[Saved data entries]
::::::
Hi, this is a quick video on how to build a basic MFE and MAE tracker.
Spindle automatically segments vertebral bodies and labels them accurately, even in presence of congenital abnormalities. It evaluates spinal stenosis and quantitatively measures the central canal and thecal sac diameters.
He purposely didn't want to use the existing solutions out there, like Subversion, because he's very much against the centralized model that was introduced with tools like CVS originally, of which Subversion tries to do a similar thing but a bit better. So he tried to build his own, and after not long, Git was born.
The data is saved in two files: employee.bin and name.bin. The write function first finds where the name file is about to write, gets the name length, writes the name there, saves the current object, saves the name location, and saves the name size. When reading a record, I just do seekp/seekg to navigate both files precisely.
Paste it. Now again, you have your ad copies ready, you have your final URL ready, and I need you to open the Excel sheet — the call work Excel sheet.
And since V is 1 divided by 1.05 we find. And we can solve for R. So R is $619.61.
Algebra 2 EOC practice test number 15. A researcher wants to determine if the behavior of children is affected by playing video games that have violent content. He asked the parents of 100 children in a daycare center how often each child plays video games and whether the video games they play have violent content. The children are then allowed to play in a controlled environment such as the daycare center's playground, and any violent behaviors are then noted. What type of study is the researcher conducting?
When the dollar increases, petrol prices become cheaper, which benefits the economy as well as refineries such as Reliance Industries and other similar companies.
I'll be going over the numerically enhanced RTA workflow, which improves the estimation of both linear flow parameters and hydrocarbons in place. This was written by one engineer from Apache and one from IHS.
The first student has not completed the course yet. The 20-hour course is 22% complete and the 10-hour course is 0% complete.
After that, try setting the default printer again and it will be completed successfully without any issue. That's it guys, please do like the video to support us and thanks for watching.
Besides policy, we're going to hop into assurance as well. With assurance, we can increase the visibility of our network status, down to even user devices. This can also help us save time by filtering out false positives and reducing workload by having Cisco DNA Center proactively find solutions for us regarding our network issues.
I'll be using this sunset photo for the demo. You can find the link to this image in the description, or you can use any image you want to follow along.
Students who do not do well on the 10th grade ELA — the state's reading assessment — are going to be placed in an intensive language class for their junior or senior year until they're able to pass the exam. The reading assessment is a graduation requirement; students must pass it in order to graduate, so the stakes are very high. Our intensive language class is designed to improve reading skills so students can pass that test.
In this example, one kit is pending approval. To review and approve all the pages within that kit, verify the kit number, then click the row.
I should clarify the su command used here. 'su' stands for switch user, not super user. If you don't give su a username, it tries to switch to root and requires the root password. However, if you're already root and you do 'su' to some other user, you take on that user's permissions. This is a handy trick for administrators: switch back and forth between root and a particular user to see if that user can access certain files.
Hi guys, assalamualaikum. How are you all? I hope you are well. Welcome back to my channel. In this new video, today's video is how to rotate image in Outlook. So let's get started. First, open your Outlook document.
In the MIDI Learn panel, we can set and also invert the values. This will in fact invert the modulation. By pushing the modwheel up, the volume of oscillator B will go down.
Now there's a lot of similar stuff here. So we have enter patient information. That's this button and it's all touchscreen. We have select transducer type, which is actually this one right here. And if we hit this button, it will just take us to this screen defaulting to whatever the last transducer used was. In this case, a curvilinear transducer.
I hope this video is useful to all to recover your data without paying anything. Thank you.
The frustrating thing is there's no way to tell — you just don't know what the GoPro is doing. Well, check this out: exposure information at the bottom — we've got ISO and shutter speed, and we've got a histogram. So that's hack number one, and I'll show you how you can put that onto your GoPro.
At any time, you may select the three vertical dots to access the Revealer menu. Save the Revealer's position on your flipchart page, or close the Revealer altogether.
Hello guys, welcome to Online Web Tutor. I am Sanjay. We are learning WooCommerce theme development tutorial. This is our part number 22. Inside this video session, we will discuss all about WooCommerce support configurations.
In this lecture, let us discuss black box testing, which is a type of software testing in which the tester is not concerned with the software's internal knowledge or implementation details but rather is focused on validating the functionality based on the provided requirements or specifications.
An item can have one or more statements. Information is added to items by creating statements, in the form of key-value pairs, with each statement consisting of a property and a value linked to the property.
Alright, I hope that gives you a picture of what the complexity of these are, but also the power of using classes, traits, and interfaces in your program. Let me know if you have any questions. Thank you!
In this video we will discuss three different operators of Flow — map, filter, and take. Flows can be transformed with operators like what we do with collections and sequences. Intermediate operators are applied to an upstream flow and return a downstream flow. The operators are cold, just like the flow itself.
::::::
▶ What you need to do
The answer must be the lines from the one containing "Alright, I hope" through the last line of the records, copied exactly, with nothing else.

▶ Completed exercise
Alright, I hope that gives you a picture of what the complexity of these are, but also the power of using classes, traits, and interfaces in your program. Let me know if you have any questions. Thank you!
In this video we will discuss three different operators of Flow — map, filter, and take. Flows can be transformed with operators like what we do with collections and sequences. Intermediate operators are applied to an upstream flow and return a downstream flow. The operators are cold, just like the flow itself.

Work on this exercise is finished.